* _The task_: Leaving nothing out, print each line of the material exactly.

* _Input for this task_:
=== Begin Enclosure ===
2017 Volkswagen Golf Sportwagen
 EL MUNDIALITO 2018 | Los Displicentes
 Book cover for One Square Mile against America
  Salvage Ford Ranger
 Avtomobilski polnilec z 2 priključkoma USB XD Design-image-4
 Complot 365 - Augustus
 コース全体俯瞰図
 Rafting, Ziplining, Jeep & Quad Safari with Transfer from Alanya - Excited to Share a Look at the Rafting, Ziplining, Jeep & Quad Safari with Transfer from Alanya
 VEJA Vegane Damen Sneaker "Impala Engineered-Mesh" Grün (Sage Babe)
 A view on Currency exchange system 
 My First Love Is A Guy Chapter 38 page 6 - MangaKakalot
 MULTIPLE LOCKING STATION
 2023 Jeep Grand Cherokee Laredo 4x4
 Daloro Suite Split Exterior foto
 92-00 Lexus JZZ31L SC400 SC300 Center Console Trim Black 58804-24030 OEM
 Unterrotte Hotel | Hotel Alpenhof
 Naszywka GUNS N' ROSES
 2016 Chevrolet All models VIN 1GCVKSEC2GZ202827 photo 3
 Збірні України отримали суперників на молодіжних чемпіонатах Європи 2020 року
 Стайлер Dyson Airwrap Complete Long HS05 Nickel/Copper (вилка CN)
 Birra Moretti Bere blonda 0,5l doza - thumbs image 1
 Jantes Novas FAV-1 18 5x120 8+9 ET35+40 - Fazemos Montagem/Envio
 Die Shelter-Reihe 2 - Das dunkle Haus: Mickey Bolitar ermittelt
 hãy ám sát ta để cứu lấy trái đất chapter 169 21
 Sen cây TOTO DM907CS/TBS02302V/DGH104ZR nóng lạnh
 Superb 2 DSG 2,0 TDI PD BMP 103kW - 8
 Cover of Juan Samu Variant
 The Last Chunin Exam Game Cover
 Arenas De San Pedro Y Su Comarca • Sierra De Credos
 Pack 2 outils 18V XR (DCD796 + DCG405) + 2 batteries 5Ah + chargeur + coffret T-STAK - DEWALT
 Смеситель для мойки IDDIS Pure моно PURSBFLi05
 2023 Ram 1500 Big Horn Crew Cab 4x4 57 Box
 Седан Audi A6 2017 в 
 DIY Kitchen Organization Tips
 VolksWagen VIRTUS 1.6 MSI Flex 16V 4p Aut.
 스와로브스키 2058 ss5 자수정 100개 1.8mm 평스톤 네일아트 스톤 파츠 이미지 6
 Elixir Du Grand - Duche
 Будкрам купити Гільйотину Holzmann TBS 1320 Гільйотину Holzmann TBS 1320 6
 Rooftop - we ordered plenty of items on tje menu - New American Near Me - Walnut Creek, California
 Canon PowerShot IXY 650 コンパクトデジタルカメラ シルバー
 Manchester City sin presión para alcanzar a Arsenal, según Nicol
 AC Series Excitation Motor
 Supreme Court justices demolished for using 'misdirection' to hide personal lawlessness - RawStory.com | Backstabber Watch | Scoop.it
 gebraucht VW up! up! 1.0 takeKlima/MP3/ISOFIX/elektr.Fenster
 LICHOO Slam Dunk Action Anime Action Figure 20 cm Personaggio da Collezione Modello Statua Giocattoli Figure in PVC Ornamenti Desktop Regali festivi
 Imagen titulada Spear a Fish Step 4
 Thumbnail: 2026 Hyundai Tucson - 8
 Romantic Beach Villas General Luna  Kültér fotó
=== End Enclosure ===
* _Exercise answer_:
2017 Volkswagen Golf Sportwagen
 EL MUNDIALITO 2018 | Los Displicentes
 Book cover for One Square Mile against America
  Salvage Ford Ranger
 Avtomobilski polnilec z 2 priključkoma USB XD Design-image-4
 Complot 365 - Augustus
 コース全体俯瞰図
 Rafting, Ziplining, Jeep & Quad Safari with Transfer from Alanya - Excited to Share a Look at the Rafting, Ziplining, Jeep & Quad Safari with Transfer from Alanya
 VEJA Vegane Damen Sneaker "Impala Engineered-Mesh" Grün (Sage Babe)
 A view on Currency exchange system 
 My First Love Is A Guy Chapter 38 page 6 - MangaKakalot
 MULTIPLE LOCKING STATION
 2023 Jeep Grand Cherokee Laredo 4x4
 Daloro Suite Split Exterior foto
 92-00 Lexus JZZ31L SC400 SC300 Center Console Trim Black 58804-24030 OEM
 Unterrotte Hotel | Hotel Alpenhof
 Naszywka GUNS N' ROSES
 2016 Chevrolet All models VIN 1GCVKSEC2GZ202827 photo 3
 Збірні України отримали суперників на молодіжних чемпіонатах Європи 2020 року
 Стайлер Dyson Airwrap Complete Long HS05 Nickel/Copper (вилка CN)
 Birra Moretti Bere blonda 0,5l doza - thumbs image 1
 Jantes Novas FAV-1 18 5x120 8+9 ET35+40 - Fazemos Montagem/Envio
 Die Shelter-Reihe 2 - Das dunkle Haus: Mickey Bolitar ermittelt
 hãy ám sát ta để cứu lấy trái đất chapter 169 21
 Sen cây TOTO DM907CS/TBS02302V/DGH104ZR nóng lạnh
 Superb 2 DSG 2,0 TDI PD BMP 103kW - 8
 Cover of Juan Samu Variant
 The Last Chunin Exam Game Cover
 Arenas De San Pedro Y Su Comarca • Sierra De Credos
 Pack 2 outils 18V XR (DCD796 + DCG405) + 2 batteries 5Ah + chargeur + coffret T-STAK - DEWALT
 Смеситель для мойки IDDIS Pure моно PURSBFLi05
 2023 Ram 1500 Big Horn Crew Cab 4x4 57 Box
 Седан Audi A6 2017 в 
 DIY Kitchen Organization Tips
 VolksWagen VIRTUS 1.6 MSI Flex 16V 4p Aut.
 스와로브스키 2058 ss5 자수정 100개 1.8mm 평스톤 네일아트 스톤 파츠 이미지 6
 Elixir Du Grand - Duche
 Будкрам купити Гільйотину Holzmann TBS 1320 Гільйотину Holzmann TBS 1320 6
 Rooftop - we ordered plenty of items on tje menu - New American Near Me - Walnut Creek, California
 Canon PowerShot IXY 650 コンパクトデジタルカメラ シルバー
 Manchester City sin presión para alcanzar a Arsenal, según Nicol
 AC Series Excitation Motor
 Supreme Court justices demolished for using 'misdirection' to hide personal lawlessness - RawStory.com | Backstabber Watch | Scoop.it
 gebraucht VW up! up! 1.0 takeKlima/MP3/ISOFIX/elektr.Fenster
 LICHOO Slam Dunk Action Anime Action Figure 20 cm Personaggio da Collezione Modello Statua Giocattoli Figure in PVC Ornamenti Desktop Regali festivi
 Imagen titulada Spear a Fish Step 4
 Thumbnail: 2026 Hyundai Tucson - 8
 Romantic Beach Villas General Luna  Kültér fotó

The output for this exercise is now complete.